● Data block

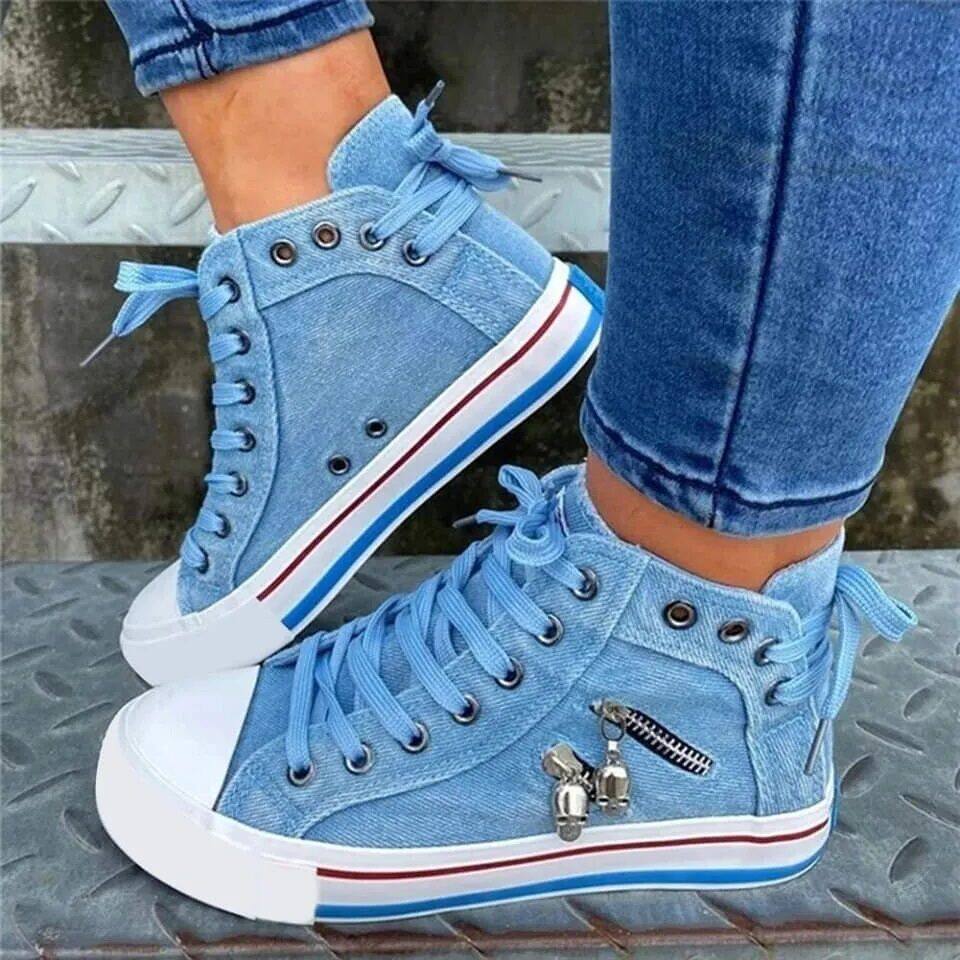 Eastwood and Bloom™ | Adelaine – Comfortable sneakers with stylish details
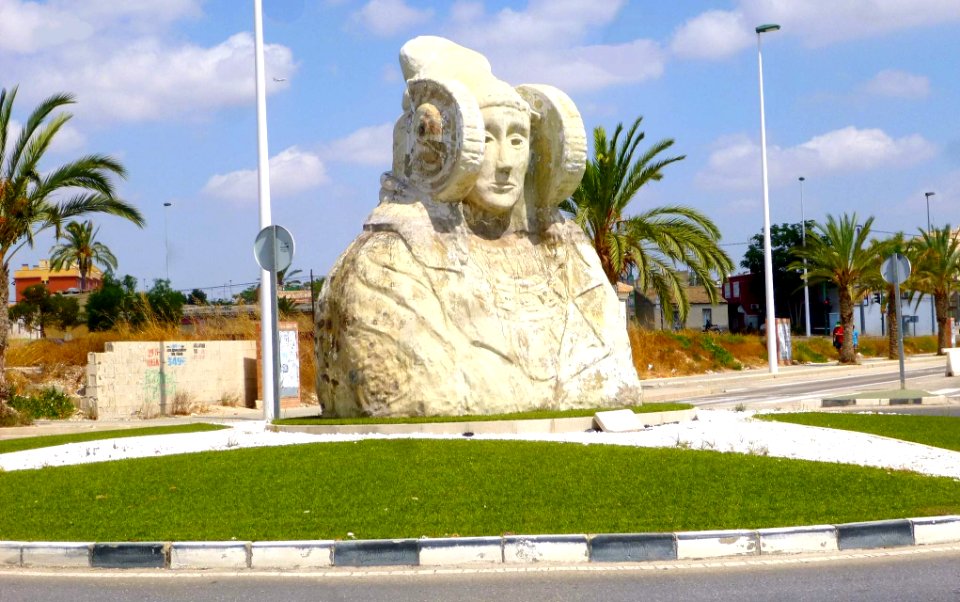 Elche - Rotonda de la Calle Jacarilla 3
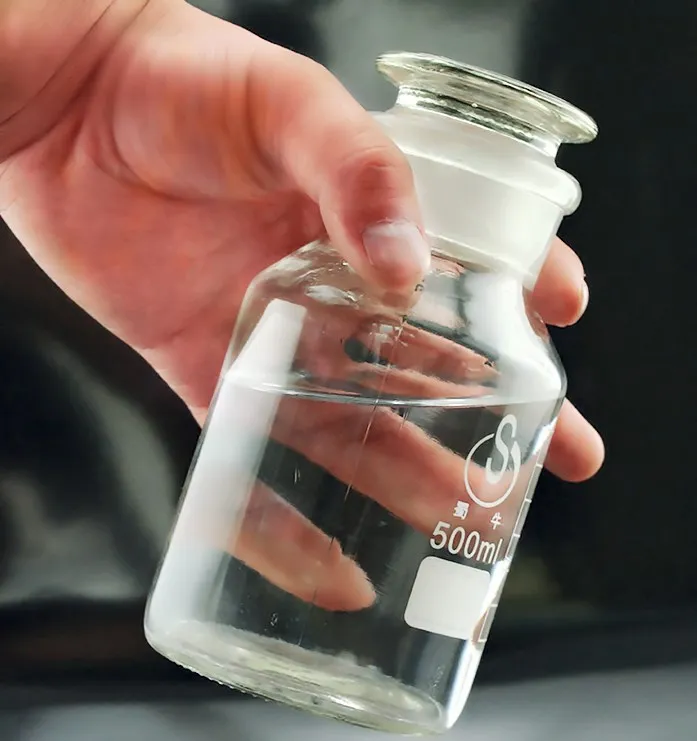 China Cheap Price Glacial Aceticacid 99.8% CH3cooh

● Work item
Word for word, quote the lines above. Omit the pictures.

● Written response
 Eastwood and Bloom™ | Adelaine – Comfortable sneakers with stylish details
 Elche - Rotonda de la Calle Jacarilla 3
 China Cheap Price Glacial Aceticacid 99.8% CH3cooh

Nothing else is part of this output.